Je me rappelle, à Diourbel, de ce vieux sur la place du marché, qui chantait des xasaaid. Tellement il les entonnait à longueur de journée, il en était habité.
À force, sous le soleil et la pollution, il avait fini par user ses cordes vocales. Et il chantait malgré tout. Même en élevant la voix, les yeux fermés, les mains collées aux oreilles, on l'entendait de - plus en plus - loin, comme s'il parlait d'un endroit éloigné.

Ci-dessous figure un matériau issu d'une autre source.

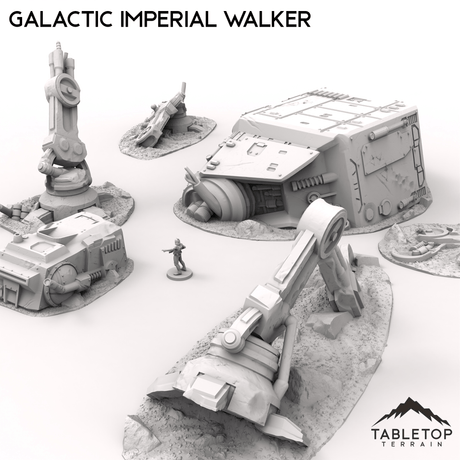 Tabletop Terrain Terrain Galactic Imperial Walker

Les passants lui remettaient pièces, billets, fruits ... Était-ce par pitié ? Par respect pour son sacrifice ? Je ne saurais le dire... Il avait un timbre qui collait à la peau et habitait l'esprit, dès qu'on l'entendait.
Aujourd'hui, bien des vendeurs utilisent le numérique, certains enregistrent leur voix et la font jouer, pour mieux se faire entendre, se faire entendre plus loin et plus longtemps. Cela enlève une certaine âme à leur affaire certes, mais préserve leur santé, surtout à Dakar avec la pollution.
Avec ce stratagème, les variations de ton que leur humeur du moment donnait à leur déclamation disparaissent, la rendant plus monotone et neutre.
Mais telle est une clef de survie pour eux, pour elles.